Upon reading into how educational philosophers and practitioners view rural America, it bothers me that they don’t seem to mention any of its strengths. I want to teach in a rural community. I grew up in one and have always valued that. It is part of my identity and I believe many people underestimate the advantages of the strong sense of community a rural area has the ability to develop. My positive outlook on rural communities mainly is founded upon the potential to make a meaningful difference. It may be selfish of me, but in urban areas I feel an overwhelming sense of insignificance and lack of purpose. In a rural community, there is often a shared sense of struggle, as well as common goals, and with that more meaningful relationships are created. I look forward to taking on the challenges of rural education faces and bring to light some of the benefits that I think are overlooked all too often.


California Department of Fish and Wildlife: Oroville Wildlife Area. (2017, July 20). Retrieved from https://www.wildlife.ca.gov/Lands/Places-to-Visit/...

City of Oroville: Quick Facts. (2018). Retrieved from http://www.cityoforoville.org/about-us/city-quick-...

Edmondson, J. & Butler, T. (2010).Teaching school in rural America: Toward an educated hope. In K. Schafft & A. Youngblood Jackson (Eds.) Rural education for the twenty-first century: Identity, place, and community in a globalizing world (150-172). University Park, PA: Penn State Press.

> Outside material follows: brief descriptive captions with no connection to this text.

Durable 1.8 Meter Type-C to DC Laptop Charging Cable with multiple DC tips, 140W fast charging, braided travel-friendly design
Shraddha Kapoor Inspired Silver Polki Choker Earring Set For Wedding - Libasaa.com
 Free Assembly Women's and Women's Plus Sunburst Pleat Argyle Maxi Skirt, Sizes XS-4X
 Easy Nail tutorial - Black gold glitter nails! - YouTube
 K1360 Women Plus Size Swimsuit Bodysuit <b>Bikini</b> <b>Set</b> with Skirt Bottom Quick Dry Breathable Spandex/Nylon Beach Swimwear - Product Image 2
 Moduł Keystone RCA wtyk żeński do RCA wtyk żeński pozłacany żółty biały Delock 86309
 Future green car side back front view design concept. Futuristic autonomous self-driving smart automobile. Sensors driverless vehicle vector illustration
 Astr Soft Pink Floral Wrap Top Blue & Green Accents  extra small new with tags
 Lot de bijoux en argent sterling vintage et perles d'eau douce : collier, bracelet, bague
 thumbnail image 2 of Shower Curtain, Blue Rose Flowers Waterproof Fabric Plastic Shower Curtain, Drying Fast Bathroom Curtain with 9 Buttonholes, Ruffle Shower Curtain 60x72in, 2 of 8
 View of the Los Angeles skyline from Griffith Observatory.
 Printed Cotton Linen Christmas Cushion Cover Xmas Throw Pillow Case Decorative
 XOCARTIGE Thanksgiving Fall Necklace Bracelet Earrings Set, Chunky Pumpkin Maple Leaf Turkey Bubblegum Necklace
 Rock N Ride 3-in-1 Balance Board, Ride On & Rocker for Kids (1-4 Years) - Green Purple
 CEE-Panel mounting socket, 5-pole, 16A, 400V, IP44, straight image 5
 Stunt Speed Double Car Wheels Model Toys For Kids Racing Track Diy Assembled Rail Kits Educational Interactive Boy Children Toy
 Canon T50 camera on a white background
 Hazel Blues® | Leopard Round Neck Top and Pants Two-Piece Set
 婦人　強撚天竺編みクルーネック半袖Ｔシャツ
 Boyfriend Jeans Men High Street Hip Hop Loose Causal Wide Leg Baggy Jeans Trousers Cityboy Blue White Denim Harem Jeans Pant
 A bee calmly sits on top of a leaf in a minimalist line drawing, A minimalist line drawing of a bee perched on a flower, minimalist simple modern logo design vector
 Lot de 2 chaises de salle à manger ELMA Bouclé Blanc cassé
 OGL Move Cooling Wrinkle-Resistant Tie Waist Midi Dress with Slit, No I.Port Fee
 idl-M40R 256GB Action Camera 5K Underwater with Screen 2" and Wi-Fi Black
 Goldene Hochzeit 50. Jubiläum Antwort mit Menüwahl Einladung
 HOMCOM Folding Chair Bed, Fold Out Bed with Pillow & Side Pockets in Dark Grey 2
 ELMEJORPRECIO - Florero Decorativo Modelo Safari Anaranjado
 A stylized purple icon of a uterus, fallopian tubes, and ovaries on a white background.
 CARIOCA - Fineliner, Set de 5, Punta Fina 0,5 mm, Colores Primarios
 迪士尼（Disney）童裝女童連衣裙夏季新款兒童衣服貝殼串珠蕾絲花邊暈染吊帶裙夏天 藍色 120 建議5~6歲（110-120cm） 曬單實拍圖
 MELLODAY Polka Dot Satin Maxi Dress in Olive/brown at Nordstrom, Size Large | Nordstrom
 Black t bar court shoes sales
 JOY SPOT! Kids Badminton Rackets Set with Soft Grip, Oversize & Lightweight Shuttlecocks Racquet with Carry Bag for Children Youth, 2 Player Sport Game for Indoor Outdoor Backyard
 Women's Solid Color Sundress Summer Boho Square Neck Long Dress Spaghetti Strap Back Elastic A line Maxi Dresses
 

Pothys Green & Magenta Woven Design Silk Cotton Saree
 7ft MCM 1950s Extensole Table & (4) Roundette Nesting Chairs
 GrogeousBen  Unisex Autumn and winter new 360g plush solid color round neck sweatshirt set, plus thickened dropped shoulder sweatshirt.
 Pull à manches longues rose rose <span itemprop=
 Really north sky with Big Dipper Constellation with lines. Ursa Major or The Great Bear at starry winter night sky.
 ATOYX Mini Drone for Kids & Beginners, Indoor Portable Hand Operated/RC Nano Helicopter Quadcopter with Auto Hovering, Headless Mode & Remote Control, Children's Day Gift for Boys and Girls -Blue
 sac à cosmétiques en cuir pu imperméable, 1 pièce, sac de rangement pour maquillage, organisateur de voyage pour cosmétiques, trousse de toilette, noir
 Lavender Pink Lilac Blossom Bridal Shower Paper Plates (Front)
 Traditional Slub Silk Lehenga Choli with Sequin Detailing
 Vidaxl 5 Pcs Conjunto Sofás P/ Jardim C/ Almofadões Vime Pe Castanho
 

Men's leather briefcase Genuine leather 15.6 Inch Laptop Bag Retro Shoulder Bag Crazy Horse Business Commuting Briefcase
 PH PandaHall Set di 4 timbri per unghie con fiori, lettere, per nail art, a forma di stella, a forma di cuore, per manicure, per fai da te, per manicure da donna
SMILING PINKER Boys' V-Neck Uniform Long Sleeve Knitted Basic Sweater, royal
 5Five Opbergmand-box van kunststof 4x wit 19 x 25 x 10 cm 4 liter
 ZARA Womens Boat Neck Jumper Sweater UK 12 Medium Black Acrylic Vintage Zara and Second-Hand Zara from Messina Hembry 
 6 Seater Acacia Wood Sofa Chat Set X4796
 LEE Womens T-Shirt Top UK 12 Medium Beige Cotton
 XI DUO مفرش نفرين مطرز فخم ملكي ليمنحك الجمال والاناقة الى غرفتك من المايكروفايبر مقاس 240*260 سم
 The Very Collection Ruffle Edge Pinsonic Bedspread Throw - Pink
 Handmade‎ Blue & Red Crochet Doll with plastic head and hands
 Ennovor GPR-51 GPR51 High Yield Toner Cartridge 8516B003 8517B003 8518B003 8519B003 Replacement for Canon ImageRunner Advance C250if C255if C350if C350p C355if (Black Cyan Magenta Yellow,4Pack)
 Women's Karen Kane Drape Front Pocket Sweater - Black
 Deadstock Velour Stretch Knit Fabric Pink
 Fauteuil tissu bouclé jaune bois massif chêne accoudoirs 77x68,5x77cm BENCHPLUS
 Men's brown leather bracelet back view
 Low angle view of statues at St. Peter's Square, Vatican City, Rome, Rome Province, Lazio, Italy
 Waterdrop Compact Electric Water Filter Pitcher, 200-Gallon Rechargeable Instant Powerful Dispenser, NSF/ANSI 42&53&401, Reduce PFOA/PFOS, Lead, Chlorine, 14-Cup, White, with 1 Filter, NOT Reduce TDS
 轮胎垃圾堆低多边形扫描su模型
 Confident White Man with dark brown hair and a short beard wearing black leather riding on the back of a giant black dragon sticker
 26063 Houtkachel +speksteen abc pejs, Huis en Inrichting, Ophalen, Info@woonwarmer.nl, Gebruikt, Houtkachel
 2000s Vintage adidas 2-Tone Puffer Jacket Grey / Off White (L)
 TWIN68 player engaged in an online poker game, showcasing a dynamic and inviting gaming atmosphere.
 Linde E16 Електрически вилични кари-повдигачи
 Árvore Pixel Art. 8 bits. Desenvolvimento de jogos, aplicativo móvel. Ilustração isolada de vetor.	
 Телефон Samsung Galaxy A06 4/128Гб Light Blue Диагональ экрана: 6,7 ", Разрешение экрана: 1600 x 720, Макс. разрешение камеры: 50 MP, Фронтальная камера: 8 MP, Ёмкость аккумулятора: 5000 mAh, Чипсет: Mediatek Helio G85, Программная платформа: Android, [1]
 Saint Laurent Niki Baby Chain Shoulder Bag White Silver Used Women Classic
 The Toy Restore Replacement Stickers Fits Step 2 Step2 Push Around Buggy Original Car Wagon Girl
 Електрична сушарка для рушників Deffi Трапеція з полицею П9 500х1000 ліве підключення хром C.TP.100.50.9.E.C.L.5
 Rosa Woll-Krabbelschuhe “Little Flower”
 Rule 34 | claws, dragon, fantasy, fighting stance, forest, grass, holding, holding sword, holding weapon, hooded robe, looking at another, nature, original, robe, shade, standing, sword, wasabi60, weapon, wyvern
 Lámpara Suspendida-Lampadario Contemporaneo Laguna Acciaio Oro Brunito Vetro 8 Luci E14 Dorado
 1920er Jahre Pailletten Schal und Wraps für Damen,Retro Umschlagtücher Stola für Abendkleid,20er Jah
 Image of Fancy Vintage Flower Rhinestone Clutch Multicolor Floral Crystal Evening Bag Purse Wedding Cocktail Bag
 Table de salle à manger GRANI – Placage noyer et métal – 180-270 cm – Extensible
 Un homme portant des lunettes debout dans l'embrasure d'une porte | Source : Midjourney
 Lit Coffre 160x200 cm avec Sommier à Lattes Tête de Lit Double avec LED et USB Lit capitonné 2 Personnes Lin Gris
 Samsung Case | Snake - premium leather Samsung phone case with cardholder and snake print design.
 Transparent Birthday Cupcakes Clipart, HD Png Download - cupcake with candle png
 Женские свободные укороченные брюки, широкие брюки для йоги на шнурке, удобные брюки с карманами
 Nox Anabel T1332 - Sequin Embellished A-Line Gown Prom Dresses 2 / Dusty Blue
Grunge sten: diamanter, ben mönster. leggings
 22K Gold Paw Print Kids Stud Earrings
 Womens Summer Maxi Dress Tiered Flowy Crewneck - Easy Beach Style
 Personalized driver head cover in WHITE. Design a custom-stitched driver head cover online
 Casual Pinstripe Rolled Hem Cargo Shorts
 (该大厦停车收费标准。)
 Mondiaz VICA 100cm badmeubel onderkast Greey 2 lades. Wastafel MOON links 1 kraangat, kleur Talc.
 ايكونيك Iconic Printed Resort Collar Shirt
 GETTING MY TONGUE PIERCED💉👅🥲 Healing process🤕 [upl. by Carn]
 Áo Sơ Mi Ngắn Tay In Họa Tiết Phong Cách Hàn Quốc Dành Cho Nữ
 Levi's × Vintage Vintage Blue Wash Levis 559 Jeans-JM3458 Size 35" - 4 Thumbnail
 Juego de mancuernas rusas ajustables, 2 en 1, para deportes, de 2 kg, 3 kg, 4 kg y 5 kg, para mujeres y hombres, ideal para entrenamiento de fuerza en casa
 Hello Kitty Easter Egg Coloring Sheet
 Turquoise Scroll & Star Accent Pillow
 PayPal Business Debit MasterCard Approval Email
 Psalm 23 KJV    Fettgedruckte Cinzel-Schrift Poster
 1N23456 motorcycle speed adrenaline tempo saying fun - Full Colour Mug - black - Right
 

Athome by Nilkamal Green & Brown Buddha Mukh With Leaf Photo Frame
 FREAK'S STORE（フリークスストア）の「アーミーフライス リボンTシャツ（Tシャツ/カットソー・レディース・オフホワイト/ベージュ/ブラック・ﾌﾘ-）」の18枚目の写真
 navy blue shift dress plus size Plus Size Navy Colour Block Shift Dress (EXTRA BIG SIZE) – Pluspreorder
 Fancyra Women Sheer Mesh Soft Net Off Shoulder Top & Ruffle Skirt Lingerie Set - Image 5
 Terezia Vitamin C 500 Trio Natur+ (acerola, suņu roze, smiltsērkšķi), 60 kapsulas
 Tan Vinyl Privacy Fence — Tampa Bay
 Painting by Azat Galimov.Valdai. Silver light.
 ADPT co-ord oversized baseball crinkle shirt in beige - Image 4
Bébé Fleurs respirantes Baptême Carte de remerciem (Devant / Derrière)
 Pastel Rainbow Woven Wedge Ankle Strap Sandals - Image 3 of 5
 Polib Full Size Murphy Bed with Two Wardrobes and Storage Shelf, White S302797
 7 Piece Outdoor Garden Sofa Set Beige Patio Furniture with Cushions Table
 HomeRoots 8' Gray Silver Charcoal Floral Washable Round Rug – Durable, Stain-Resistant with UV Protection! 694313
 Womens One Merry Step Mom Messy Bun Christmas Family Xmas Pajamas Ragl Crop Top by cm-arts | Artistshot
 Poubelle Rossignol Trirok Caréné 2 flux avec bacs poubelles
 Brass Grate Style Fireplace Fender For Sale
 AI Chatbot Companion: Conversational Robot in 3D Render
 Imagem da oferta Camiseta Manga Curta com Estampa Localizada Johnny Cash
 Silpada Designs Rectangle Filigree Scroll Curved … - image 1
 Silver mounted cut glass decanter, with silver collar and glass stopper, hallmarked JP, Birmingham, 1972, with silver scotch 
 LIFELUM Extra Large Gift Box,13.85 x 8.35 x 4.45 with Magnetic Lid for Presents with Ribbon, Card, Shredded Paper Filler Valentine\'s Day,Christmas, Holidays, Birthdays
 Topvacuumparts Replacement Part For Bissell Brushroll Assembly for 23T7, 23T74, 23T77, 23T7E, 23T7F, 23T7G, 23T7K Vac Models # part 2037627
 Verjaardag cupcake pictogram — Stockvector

Smith, G. (2002). Place-based education: Learning to be where we are. Phi Delta Kappan 83 (8). Retrieved from http://journals.sagepub.com/doi/abs/10.1177/003172...

Theobald, P. & Wickencamp G. (2017). Everyday practices of social justice and education: An interview with Dr. Paul Theobald. Journal of Critical Thought and Praxis, 6 (2), 136-139.

Woodhouse, J., & Knapp, C. (2000). Place-based curriculum and instruction: Outdoor and environmental education approaches. ERIC Digest.